## Aim of the exercise
Starting at the line that holds "MALFINI Trail 549" and stopping at the line that holds "Z-Lite Lauren 4 Light Vanity", restate the records below word for word, with both of those lines included.

## Records shown
>>>

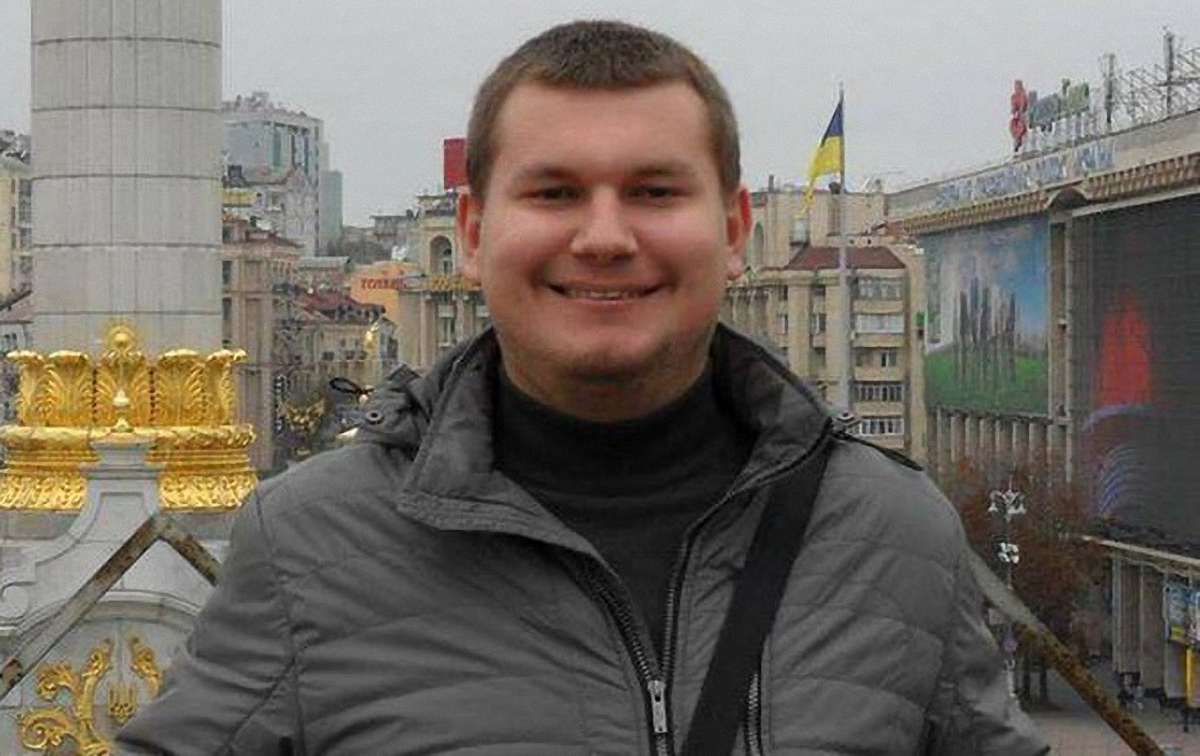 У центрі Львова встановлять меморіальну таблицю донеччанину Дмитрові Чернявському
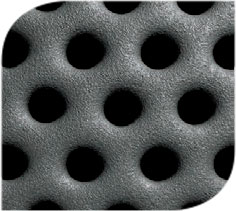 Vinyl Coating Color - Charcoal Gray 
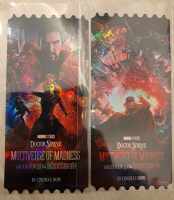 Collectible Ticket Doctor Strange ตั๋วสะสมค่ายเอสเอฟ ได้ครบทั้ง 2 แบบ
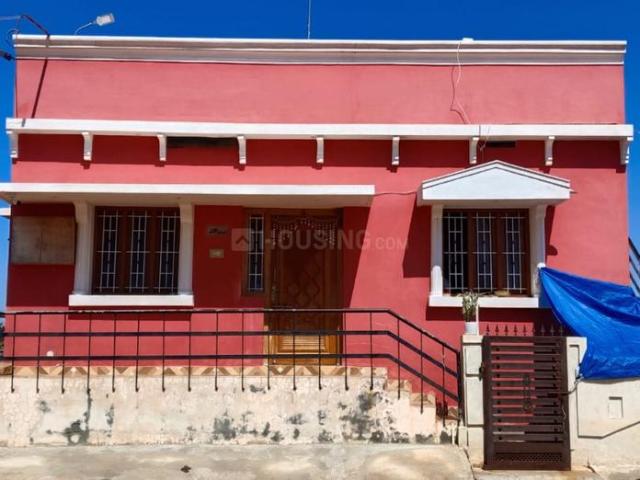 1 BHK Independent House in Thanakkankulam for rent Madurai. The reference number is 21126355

<<<
>>>

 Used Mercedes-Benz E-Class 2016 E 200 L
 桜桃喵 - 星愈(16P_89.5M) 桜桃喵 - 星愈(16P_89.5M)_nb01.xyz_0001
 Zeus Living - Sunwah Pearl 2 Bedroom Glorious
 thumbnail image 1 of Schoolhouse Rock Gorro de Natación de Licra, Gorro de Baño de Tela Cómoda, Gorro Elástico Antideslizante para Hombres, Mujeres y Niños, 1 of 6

<<<
>>>

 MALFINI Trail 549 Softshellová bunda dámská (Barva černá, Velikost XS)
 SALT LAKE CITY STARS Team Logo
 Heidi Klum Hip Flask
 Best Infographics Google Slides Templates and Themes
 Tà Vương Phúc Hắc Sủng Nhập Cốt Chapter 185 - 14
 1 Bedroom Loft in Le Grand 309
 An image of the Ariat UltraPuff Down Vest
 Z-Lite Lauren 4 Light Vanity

<<<

## Exercise response
 MALFINI Trail 549 Softshellová bunda dámská (Barva černá, Velikost XS)
 SALT LAKE CITY STARS Team Logo
 Heidi Klum Hip Flask
 Best Infographics Google Slides Templates and Themes
 Tà Vương Phúc Hắc Sủng Nhập Cốt Chapter 185 - 14
 1 Bedroom Loft in Le Grand 309
 An image of the Ariat UltraPuff Down Vest
 Z-Lite Lauren 4 Light Vanity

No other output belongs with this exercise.